In response to questions, Holder said he believes military prosecutors can seek the death penalty in the case. But he said it remains “an open question” whether the death penalty would apply to a defendant who pleaded guilty.
In both symbol and substance, the decision appears to encapsulate Guantanamo Bay’s enduring role as part of the country’s counterterrorism arsenal, and it may mark the end of the administration’s more than two-year effort to close the facility.
Holder first announced the prosecution of Mohammed and his co-defendants in November 2009, the culmination of an almost year-long examination of the cases of every detainee at Guantanamo Bay. And administration officials said justice would be best served by bringing those who orchestrated the destruction of New York’s Twin Towers to the scene of that crime.

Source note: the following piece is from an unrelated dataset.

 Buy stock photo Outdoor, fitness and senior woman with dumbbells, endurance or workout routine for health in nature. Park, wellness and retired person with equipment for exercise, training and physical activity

But the decision triggered almost immediate opposition from congressional Republicans, who said the attacks on New York and Washington were an act of war, not ordinary crimes, and should be prosecuted in a military tribunal.

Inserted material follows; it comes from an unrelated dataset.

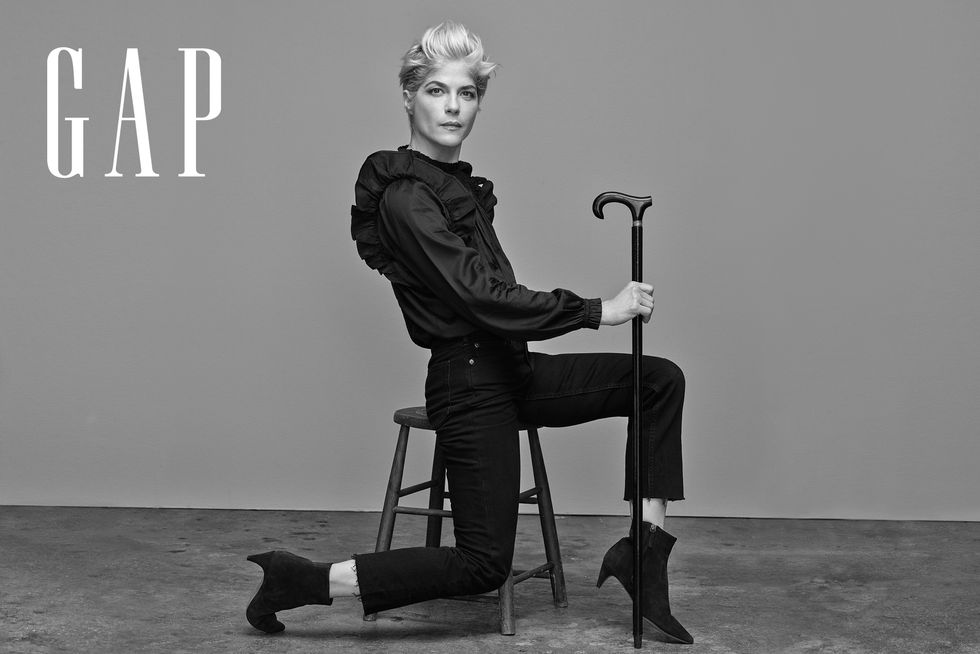 selma blair stars in gap’s fall campaign wearing jeans, black ankle boots, and her cane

Fears about terrorism and the economic toll of holding the trial in lower Manhattan galvanized local opposition, and the administration quietly shelved its plans while insisting it was still committed to federal trials for some Guantanamo detainees.
But Congress has erected a series of barriers to bringing detainees into the United States, even for prosecution, and the administration has now bowed to the near-certainty that it will not overcome what has become bipartisan opposition to federal trials.
The five defendants will now be returned to the courtroom at Guantanamo Bay that was purposely built for them by the Bush administration. Mohammed and the four others were first charged with capital war crimes under the last administration, but Obama suspended proceedings at Guantanamo, and the military then withdrew charges in anticipation of a federal trial.
At the Justice Department’s request, a sealed indictment in New York against the five men was unsealed and dismissed by a federal judge Monday.
The indictment charged Mohammed and his co-defendants — Walid bin Attash, Ramzi Binalshibh, Ali Abdul Aziz Ali and Mustafa al-Hawsawi — with 10 federal felonies. The charges included conspiracy to commit acts of terrorism, to hijack and destroy aircraft and to kill Americans, as well as acts of international terrorism, destruction of aircraft, aircraft piracy, murder of U.S. officers and employees and destruction of commercial property.
According to the unsealed indictment, Mohammed, a Pakistani closely associated with al-Qaeda leader Osama bin Laden, was the “operational leader” of the Sept. 11 plot. It says Attash, a Yemeni also known as Khallad bin Attash, Tawfiq bin Rashid and other aliases, collected information on airport and airplane security measures. Binalshibh, called Ramzi bin al-Shibh in the indictment, is another Yemeni who “tried to become one of the pilot hijackers but failed to obtain a visa” to enter the United States, the indictment says. Instead, he “managed the plot . . . by, among other things, sending money to hijackers in the United States from abroad.”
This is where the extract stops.